**ASSIGNED TASK**:
Nothing should appear in the answer except the lines below from the line containing "10pc x 1/4 inch" through the line containing "Silver, 4Pcs 4", copied exactly, with pictures left out.

**EXERCISE INPUTS**:
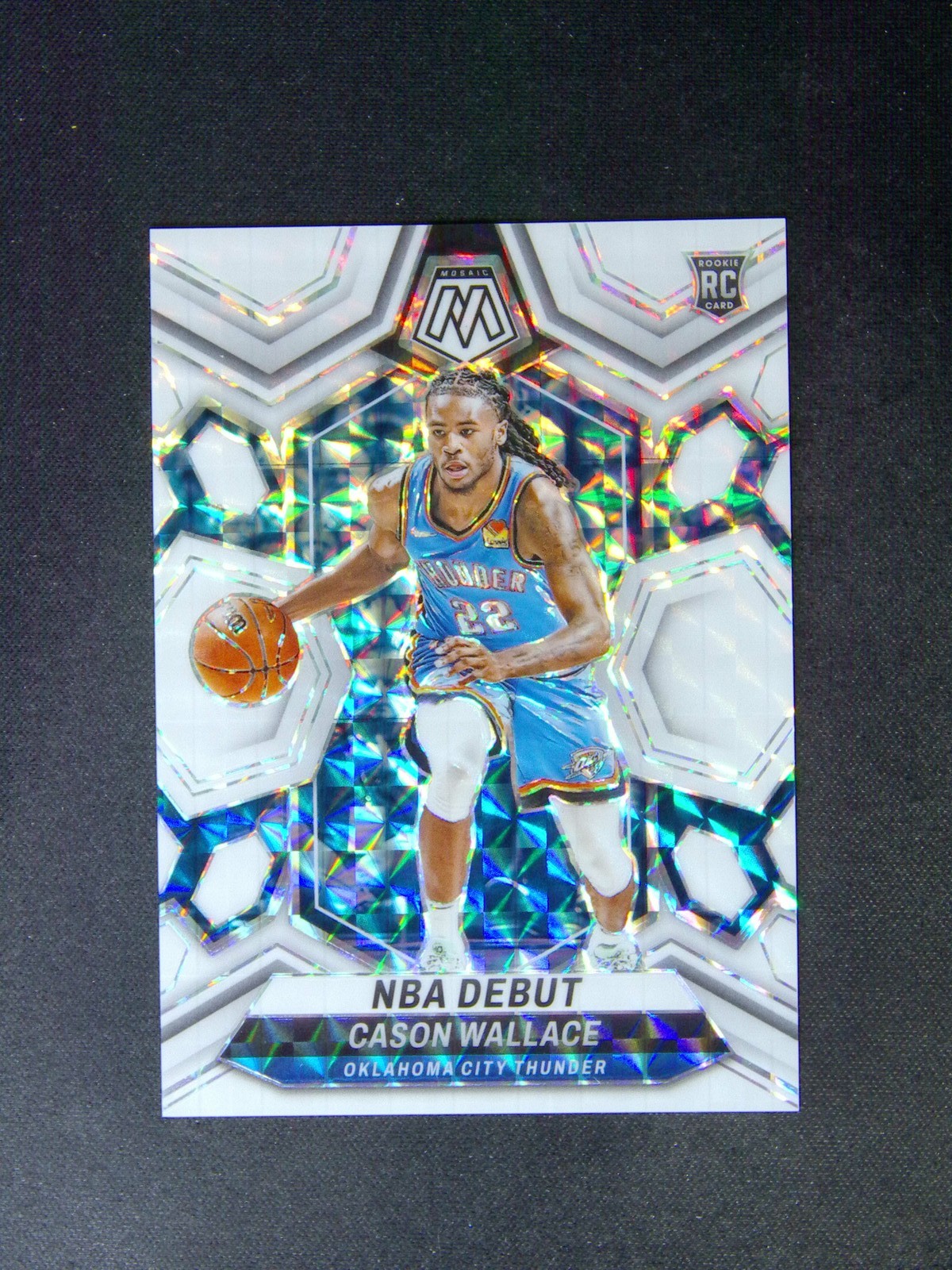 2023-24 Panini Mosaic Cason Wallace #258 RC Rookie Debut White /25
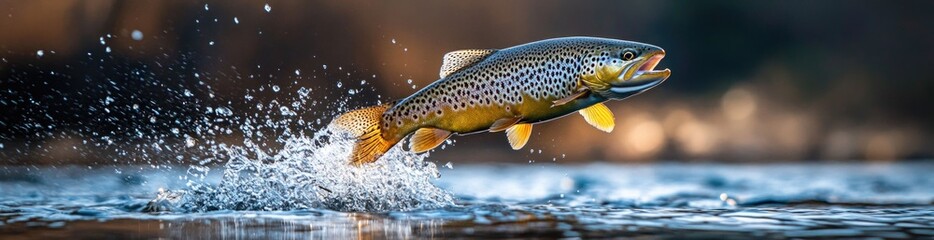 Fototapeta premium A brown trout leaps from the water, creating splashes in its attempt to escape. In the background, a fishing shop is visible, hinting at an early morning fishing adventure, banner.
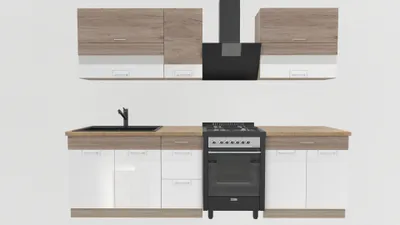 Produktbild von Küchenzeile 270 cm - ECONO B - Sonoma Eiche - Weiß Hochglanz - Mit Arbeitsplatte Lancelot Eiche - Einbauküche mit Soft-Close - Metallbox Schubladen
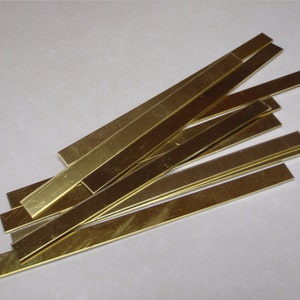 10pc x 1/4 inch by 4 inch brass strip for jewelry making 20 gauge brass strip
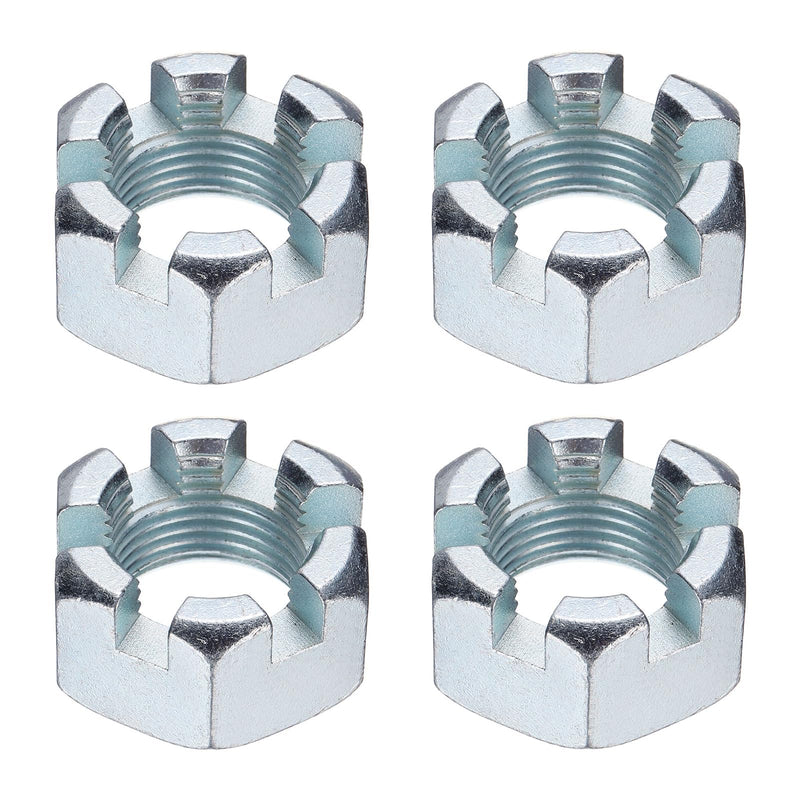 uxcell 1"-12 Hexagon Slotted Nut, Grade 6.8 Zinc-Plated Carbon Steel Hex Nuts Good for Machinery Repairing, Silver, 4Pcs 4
...
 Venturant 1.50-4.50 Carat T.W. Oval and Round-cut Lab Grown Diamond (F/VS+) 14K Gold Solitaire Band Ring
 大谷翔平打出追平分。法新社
--
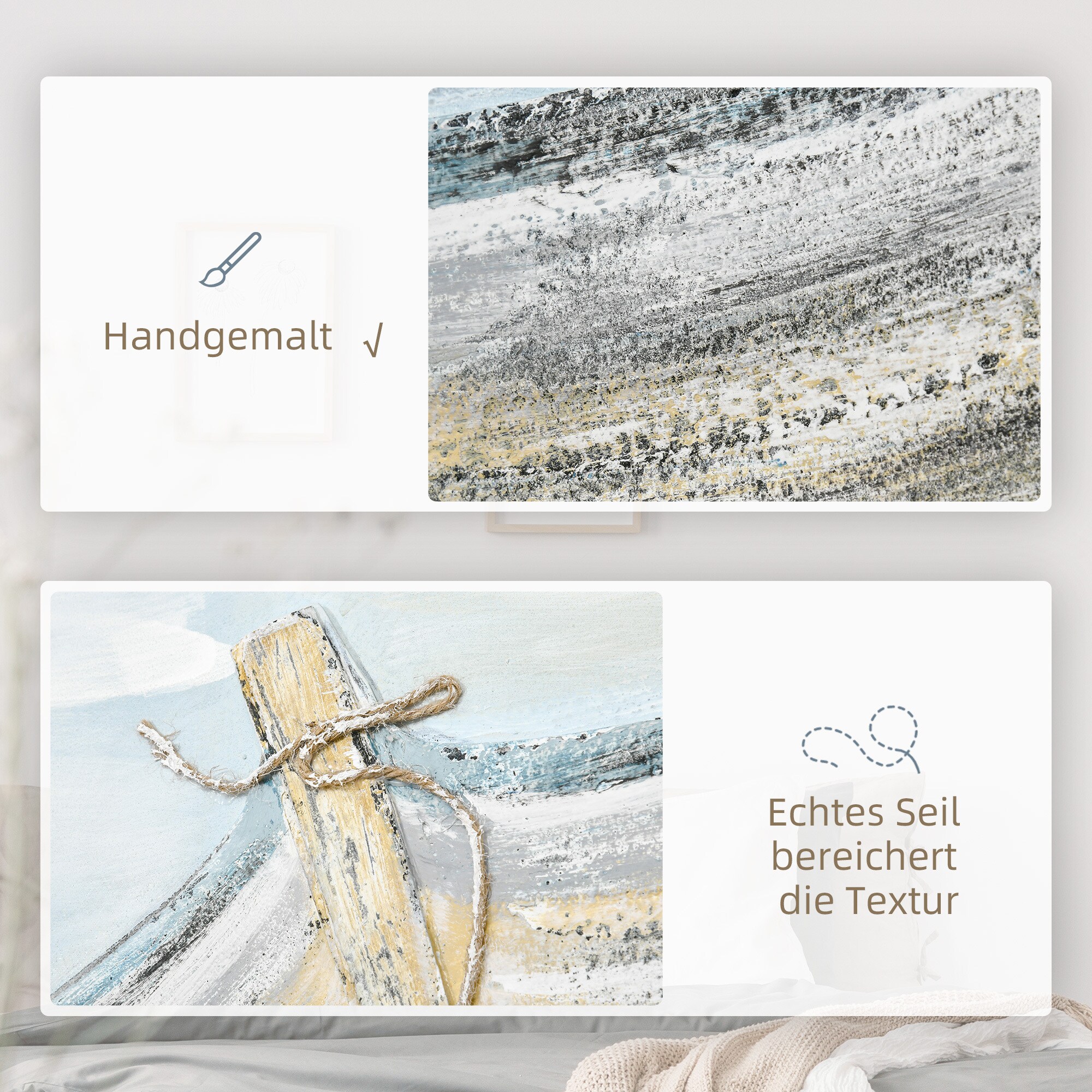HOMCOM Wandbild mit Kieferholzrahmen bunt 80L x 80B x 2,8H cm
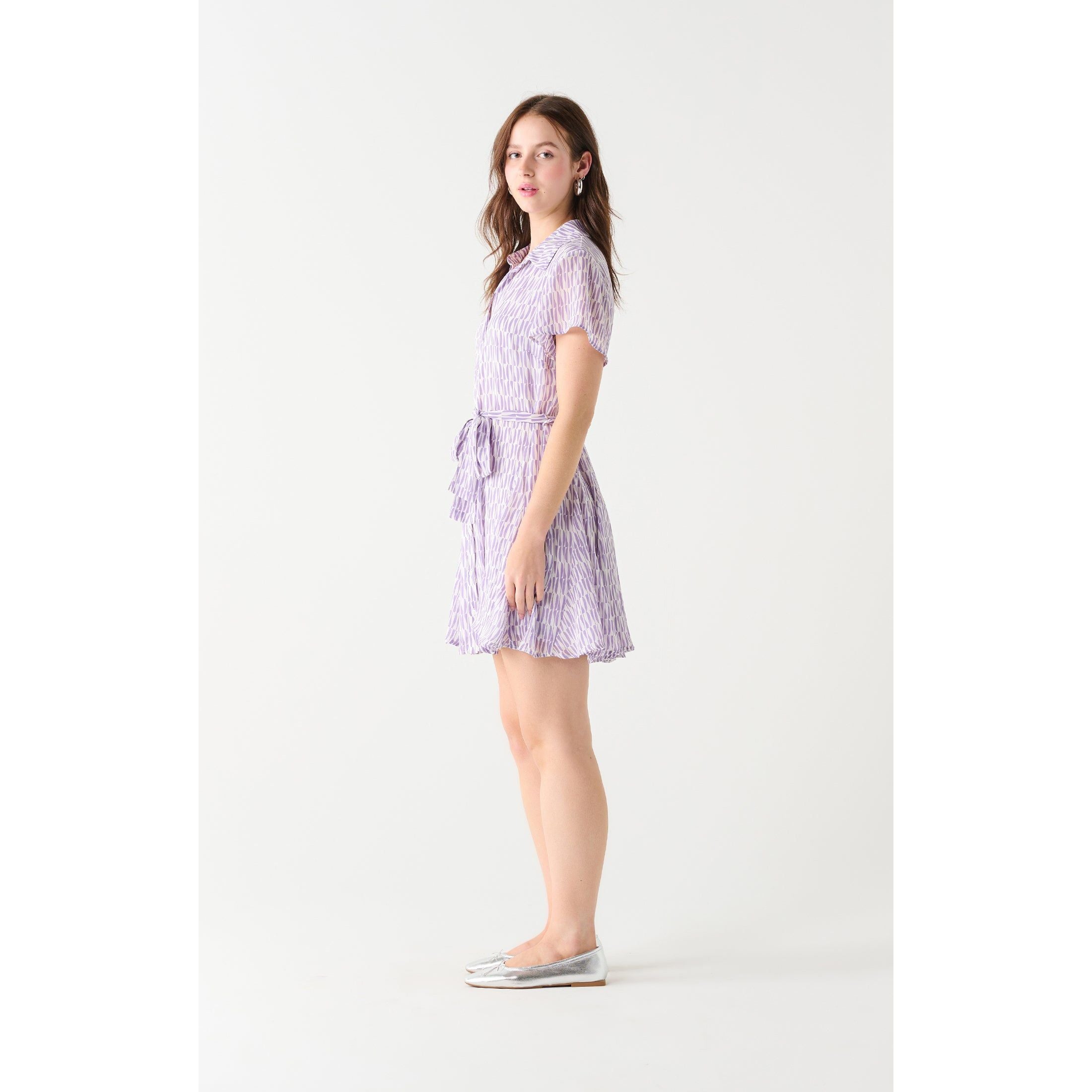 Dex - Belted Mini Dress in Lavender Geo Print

**FINAL ANSWER**:
 10pc x 1/4 inch by 4 inch brass strip for jewelry making 20 gauge brass strip
 uxcell 1"-12 Hexagon Slotted Nut, Grade 6.8 Zinc-Plated Carbon Steel Hex Nuts Good for Machinery Repairing, Silver, 4Pcs 4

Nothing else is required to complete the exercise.